Adanya konsep Bank Tanah dalam sistem pertanahan di Indonesia memiliki maksud dan tujuannya yang baik, juga ada beberapa hal yang dinilai bertentangan dengan sistem pertanahan di Indonesia. Pasal 33 ayat (3) UUD NRI 1945 menyatakan bahwa “Bumi dan air dan kekayaan alam yang terkandung di dalamnya dikuasai oleh negara dan dipergunakan untuk sebesar-besar kemakmuran rakyat”. Selanjutnya dalam UUPA pasal 2 menyebutkan bahwa “Atas dasar ketentuan dalam pasal 33 ayat (3) Undang-Undang Dasar dan hal-hal sebagai yang dimaksud dalam pasal 1, bumi air dan ruang angkasa, termasuk kekayaan alam yang terkandung didalamnya itu pada tingkatan tertinggi dikuasai oleh Negara, sebagai organisasi kekuasaan seluruh rakyat”. Selanjutnya dijelaskan pada ayat (2) bahwa:

  1. Mengatur dan menyelenggarakan peruntukan, penggunaan, persediaan dan pemeliharaan bumi, air dan ruang angkasa tersebut;
  2. Menentukan dan mengatur hubungan-hubungan hukum antara orang-orang dengan  bumi, air dan ruang angkasa;
  3. Menentukan dan mengatur hubungan-hubungan hukum antara orang-orang dan perbuatan- perbuatan hukum yang mengenai bumi, air dan ruang angkasa.
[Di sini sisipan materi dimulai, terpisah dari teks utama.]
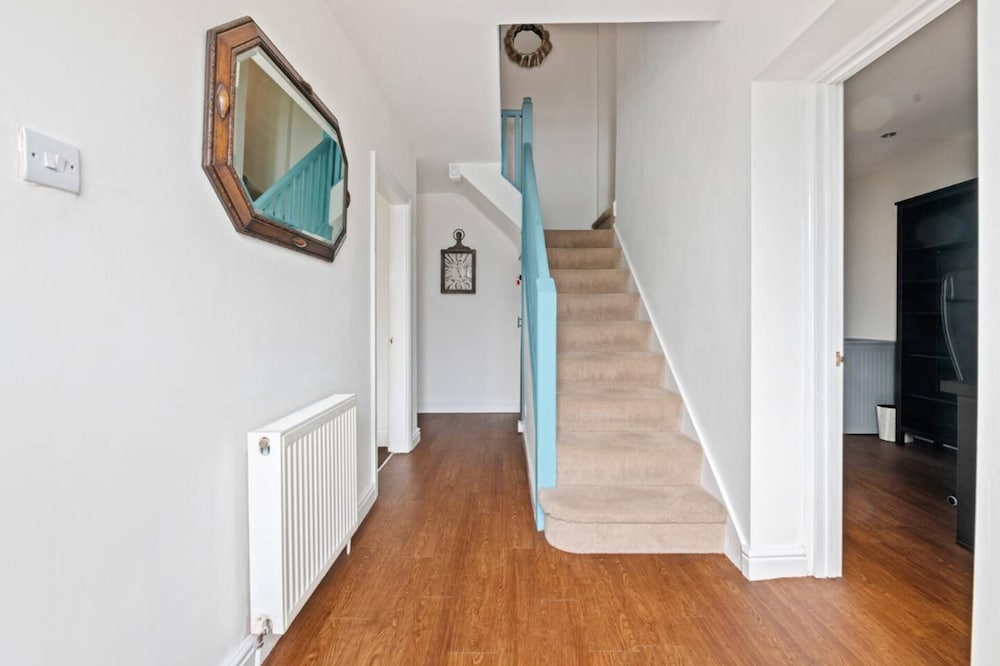 Stunning 5 Bed House in Leeds Contractors Welcome view 5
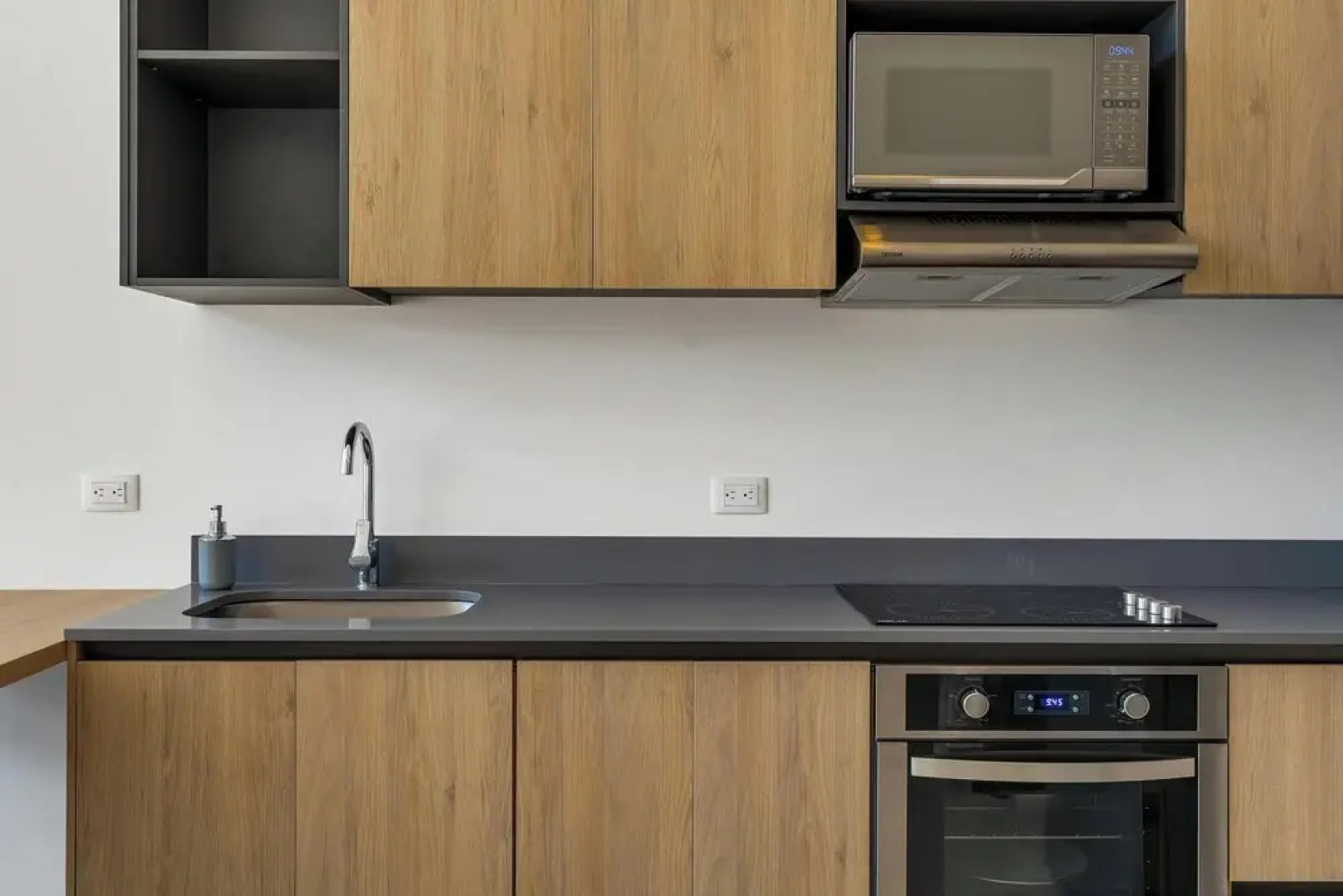 8 min walk to Beach Pool & Golf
Keberadaan Bank Tanah sebagaimana yang telah diatur dalam UU Cipta Kerja tentu membawa konsekuensi terhadap hukum pertanahan nasional. Dalam ketentuan pasal 129 UU Cipta Kerja memberikan kewenangan kepada Badan Bank Tanah untuk mendukung investasi, berwenang melakukan pengadaan tanah dan Bank Tanah memiliki atau memperoleh hak pengelolaan sebagaimana diatur dalam Pasal 137 UU Cipta Kerja. Ketentuan ini berpotensi memberikan kewenangan untuk mengambil tanah-tanah sepanjang digunakan untuk kegiatan investasi tanpa memerhatikan pihak yang dirugikan, salah satunya masyarakat. Hal ini bisa saja terjadi dengan dalih pembangunan nasional, tetapi meniadakan hak masyarakat sekitar atau yang terdampak lainnya.